Noam: And so listen to this, in 1915, Italy entered the First World War and the side of the Anton powers, right? And their whole goal was to liberate Trento and Trieste, I probably didn’t pronounce it correctly. So what happened, in the first battle, they lost 15,000 men, in the second battle, they lost 40,000. In the third battle, they lost 60,000. And what happened, they continued for more than two dreadful years, says Yuval Noah Harari until the 11th engagement. And then what happened? Finally, they were totally defeated. The glorious adventure became a blood bath by the end of the war, almost 700,000 Italian soldiers were killed, and more than a million were wounded. So, what happened?

What happened, which I think is crazy that I just read this, is that the politicians couldn’t go back to the parents, and the wives, or the children of the 15,000 dead Italian soldiers and tell them, “Hey, sorry, there’s been a mistake, we hope you won’t take it too hard, but Marco died.” So what they did is they sacrificed more, and more and they didn’t want their boys to die in vain, right? This is a downside to sacrifice, right? That because we sacrifice for something, we turn that thing into a good. You hear what I’m saying?

Chloe: Yeah. I do hear what you’re saying. I think that here we may have two different definitions of sacrifice.

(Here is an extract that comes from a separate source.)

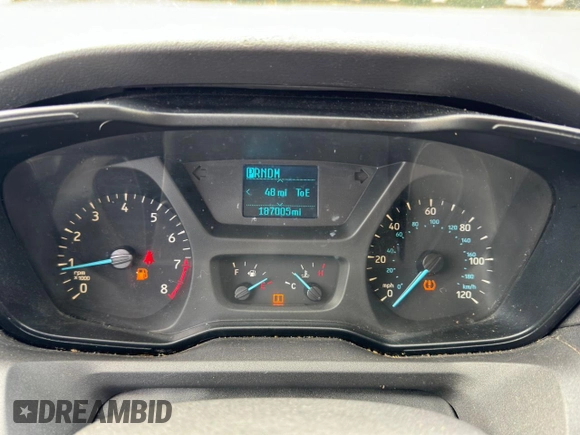 2016 Ford Transit Cargo with VIN 1FTYE1YM9GKA21851, listed as a Copart auction lot 80193904 with 187,005 mi miles and Clean Title. Bid and sale history available at DreamBid. Image 8.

Noam: Okay. Let’s hear it.

Chloe: So again, to go back to this idea of attention, and this is not my original thought, this comes from a conversation with John Vervaeke, who’s a cognitive scientist that I really love and admire, but this idea of sacrifice as attention, and what are you attending to, and are you properly attending to it? So the situation that you just described, I would say that that’s a failure to properly attend to something in a healthy and deliberate way. And so, is it a sacrifice in the traditional sense of the word? Yes, absolutely. But it’s not a sacrifice, and what I think is the deeper sense of the word. And it’s not the proper sacrifice, right? It’s like Cain offering up the wrong sacrifice and Abel offering up the appropriate sacrifice, and God being pleased with who one and not the other. So, I think there’s something there that maybe we can riff on, but that’s what I would offer.

Noam: I do want to riff off of that because that sacrifice and Cain and Abel story is another fascinating story. That’s fascinating for a totally different reason, from my perspective. The reason that that is incredibly fascinating is that Moshe Halbertal speaks about this, and he notes that the pain that goes along with sacrifice when you are giving up of something, when you are sacrificing something, and there’s a rejection of the thing that you are giving. So let’s take the example of your mother and you. When your mother is trying to give you right, and you, Chloe, are not accepting it, there’s a bigger pain that results from the rejection of a gift, than exclusion, right?

Chloe: Yes.

Noam: Rejection of a gift is such a painful feeling.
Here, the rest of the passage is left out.